Não foi precisamente o que fez Trump? Os conspiradores, reunidos no governo Biden, teriam destruído “a América”. Literalmente: “Durante muitos anos, o sistema radical e corrupto extraiu poder e riqueza dos nossos cidadãos”. Ora, só um salvador, com características excepcionais, conseguiria dar uma resposta: “Muitas pessoas achavam que era impossível para mim operar esse retorno histórico. Mas, como vocês veem hoje, aqui estou eu”. E ele volta com que propósito? Para anunciar, e isto é literal em seu discurso, a “idade do ouro”. Estas são as primeiras palavras de seu discurso: “A era de ouro da América começa agora mesmo. Deste dia em diante, nosso país florescerá e será respeitado novamente em todo o mundo. Seremos causa da inveja de todas as nações e não permitiremos que tirem vantagem de nós por mais tempo.” E como ele o fará: prometendo a unidade: “Somos um povo, uma família e uma nação gloriosa sob Deus.”
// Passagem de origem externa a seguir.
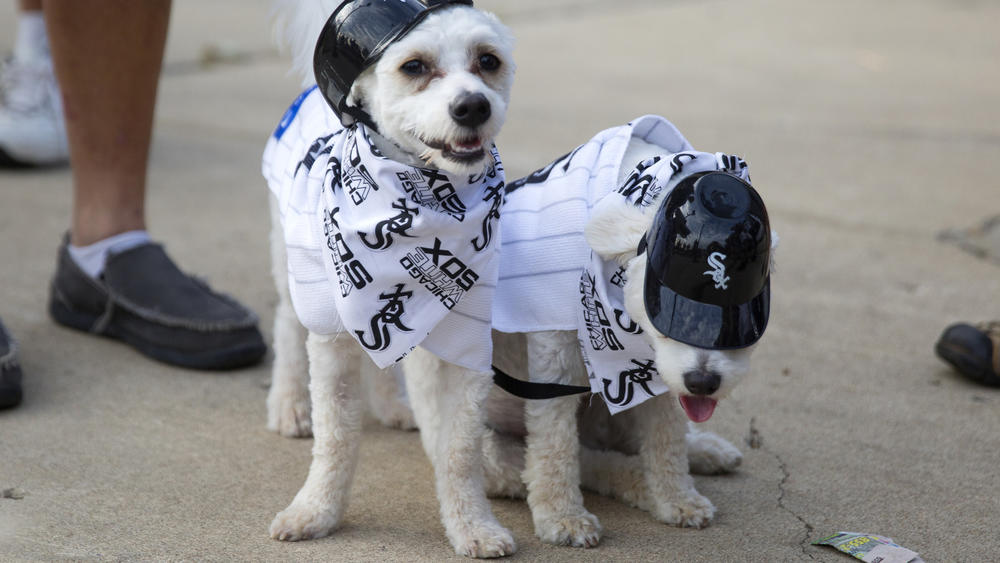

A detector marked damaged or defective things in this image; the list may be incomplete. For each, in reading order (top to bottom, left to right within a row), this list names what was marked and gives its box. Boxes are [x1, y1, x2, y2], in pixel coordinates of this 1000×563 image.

pavement crack [764, 448, 820, 560]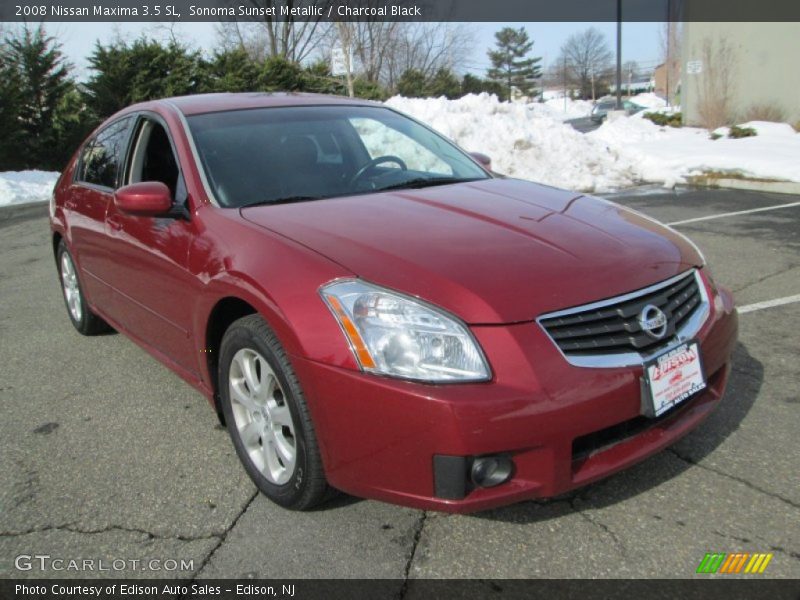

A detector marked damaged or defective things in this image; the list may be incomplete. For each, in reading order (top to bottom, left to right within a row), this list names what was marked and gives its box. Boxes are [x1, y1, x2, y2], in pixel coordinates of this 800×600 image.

cracked asphalt [0, 188, 796, 580]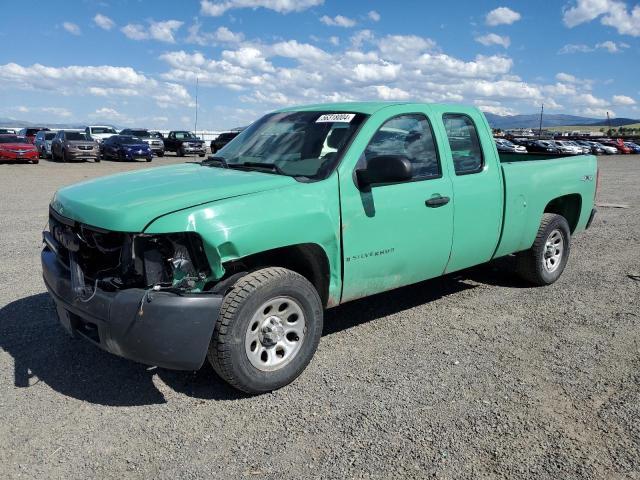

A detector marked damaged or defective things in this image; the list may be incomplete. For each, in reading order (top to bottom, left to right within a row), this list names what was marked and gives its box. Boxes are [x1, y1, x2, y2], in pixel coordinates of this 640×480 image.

Ocorre que o caos oriundo da suposta conspiração é falso: os EUA vivem um momento de notável prosperidade econômica. Não havendo o desastre, é evidente que a figura do salvador é uma falácia. A prometida Idade do Ouro, a exemplo de todas elas, em qualquer nação e em qualquer tempo, é uma construção ideológica, que embalou historicamente os discursos fascistas. Sendo assim, não pode haver unidade para a construção dessa mitologia política porque o discurso só é eficaz numa sociedade necessariamente dividida, marcada pela perseguição a adversários. E eles estão listados no discurso inaugural: dos defensores da diversidade às políticas ambientais, passando, claro!, pelos imigrantes. Encenou, com rigor e método, a farsa da extrema-direita.